Problem statement -
Omit all pictures. Copy exactly the lines from the line containing "Thank you for" to the end of the listing, with both ends included.

======== The data

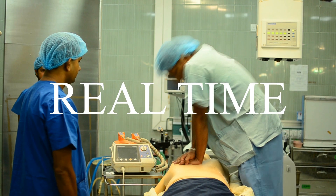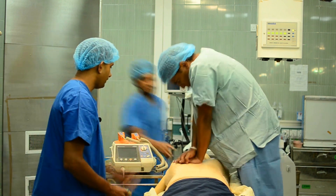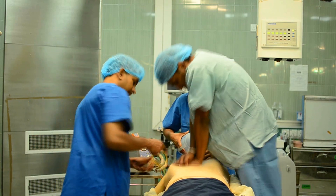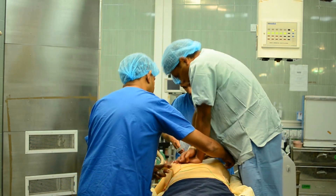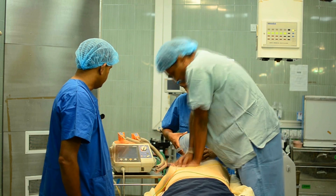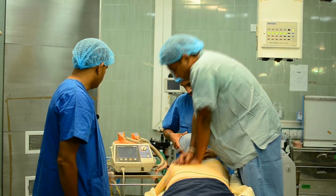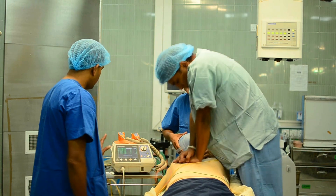Now we will be showing the same process in real time. It's a cardiac arrest. Please continue to massage. Please come and handle the airway — I'm connecting the leads. Switching on the monitor. Selecting lead 2 and selecting the sensitivity. Now the monitor is ready.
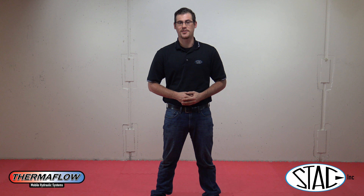Thank you for watching another installment of Hydraulic Training by Stack Incorporated.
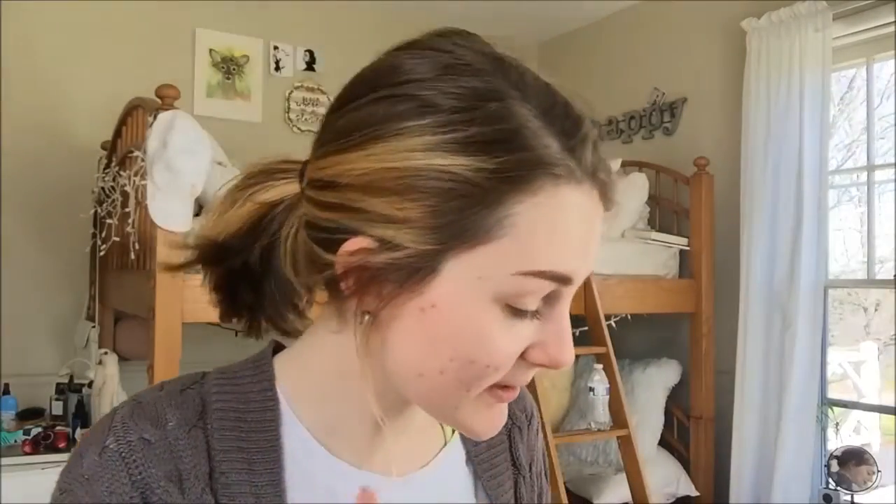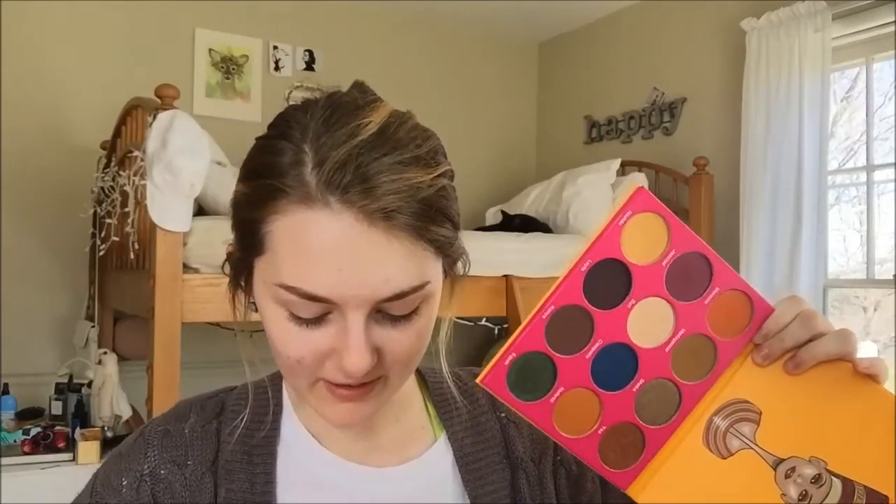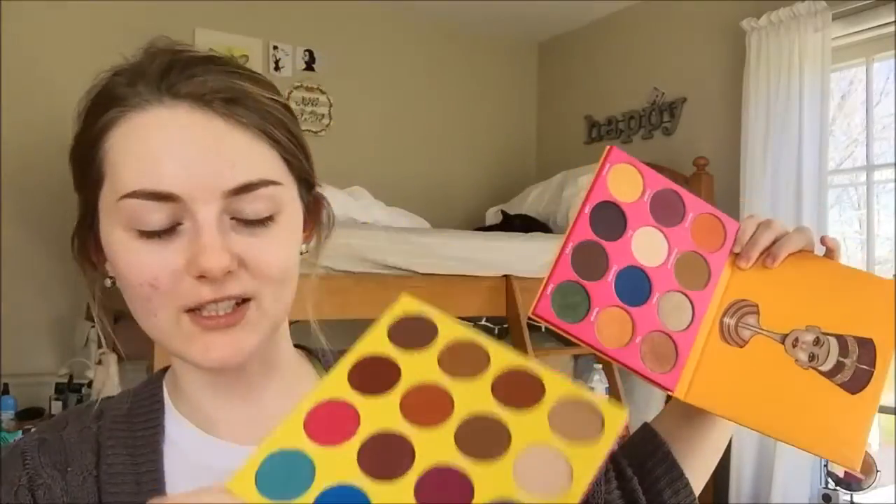I'm going to start off with my eyes today. I'm going to be trying out two new Juvia's Place palettes that I got in the mail yesterday — the Nubian 2 and Masquerade palette. This is going to be more of a neutral, toned-down look because I have to wear it to work today. I'm going to use some concealer on my lid as my primer. I don't really ever use a real shadow primer. This is just the LA Girl Pro Concealer in the shade Porcelain. I'll just use my fingers, then some translucent powder.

================

Written response -
Thank you for watching another installment of Hydraulic Training by Stack Incorporated.
I'm going to start off with my eyes today. I'm going to be trying out two new Juvia's Place palettes that I got in the mail yesterday — the Nubian 2 and Masquerade palette. This is going to be more of a neutral, toned-down look because I have to wear it to work today. I'm going to use some concealer on my lid as my primer. I don't really ever use a real shadow primer. This is just the LA Girl Pro Concealer in the shade Porcelain. I'll just use my fingers, then some translucent powder.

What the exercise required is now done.